Rabu, 23 April 2008 | 08:21 WIB

Jakarta, NU Online
Pengurus Besar Nahdlatul Ulama (PBNU) meminta kepada pemerintah agar lebih memperhatikan para Tenaga Kerja Indonesia (TKI) sebelum mereka diberangkatkan ke luar negeri. Pasalnya, perbedaan budaya antara Indonesia dengan negara yang ditempati kerja, merupakan masalah tersendiri bagi para TKI tersebut.

“Di Arab Saudi, orang Arab berpikir bahwa ketika mereka mempekerjakan TKI, berarti mereka sudah membelinya. Artinya, kalau sudah dibeli, mereka berpikir, maka mau diapa-apain pun tidak masalah,” ungkap Ketua Umum PBNU KH Hasyim Muzadi.<>

Ia mengungkapkan hal itu saat menjadi pembicara utama pada Dialog Nasional yang digelar Sarikat Buruh Muslim Indonesia (Sarbumusi) di Gedung PBNU, Jalan Kramat Raya, Jakarta, Rabu (23/4). Acara bertajuk “Problematika TKI Kita” itu dihadiri Menteri Tenaga Kerja dan Transmigrasi (Menakertrans) Erman Suparno.

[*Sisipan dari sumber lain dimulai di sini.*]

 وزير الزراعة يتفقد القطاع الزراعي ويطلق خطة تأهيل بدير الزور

Hasyim menjelaskan, selama ini, masalah tersebut tidak diperhatikan dalam kontrak antara TKI bersangkutan dengan pihak penyalur. Akibatnya, para tenaga kerja yang merupakan penyumbang devisa negara terbesar itu kerap mengalami penganiayaan yang tak dapat diselesaikan dengan kontrak.

Selain itu, menurut Hasyim, pemerintah harus juga memperhatikan tingkat pendidikan para TKI itu. Pasalnya, sebagian besar dari mereka merupakan warga negara yang berpendidikan rendah.

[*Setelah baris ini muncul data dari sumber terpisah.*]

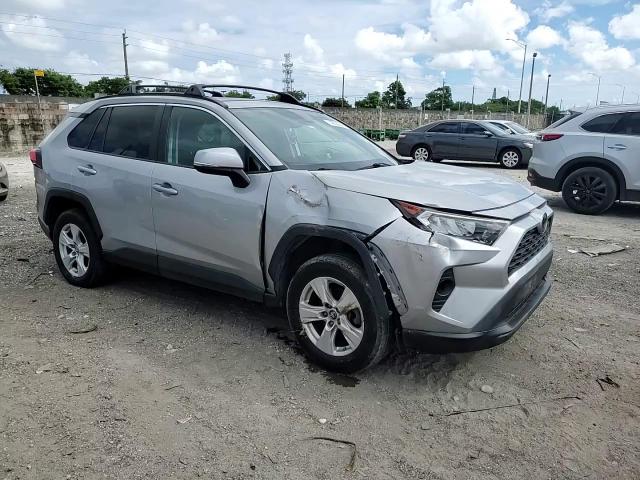 2019 Toyota RAV 4 - Image 11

“Tidak heran jika mereka kebanyakan bekerja sebagai pembantu rumah tangga atau kuli kasar. Kalau ada masalah terkait nasibnya, mereka tidak bisa berbuat apa-apa,” pungkasnya.

Ia mengaku prihatin atas banyaknya kasus yang melibatkan nasib TKI di luar negeri. “Harga diri Indonesia sebagai bangsa turun karena kasus TKI. Kalau ada tokoh Indonesia ke luar negeri yang banyak TKI-nya, masyarakat setempat seolah-olah menganggapnya mau jadi TKI,” ujarnya.

Hal senada diungkapkan Menakertrans Erman. Ia mengungkapkan, TKI yang bekerja di luar negeri sebanyak 4 juta orang. 87 persen dari mereka, katanya, merupakan tenaga kerja berpendidikan sekolah dasar dan sekolah menengah pertama. Sisanya berpedidikan sekolah menengah umum dan perguruang tinggi.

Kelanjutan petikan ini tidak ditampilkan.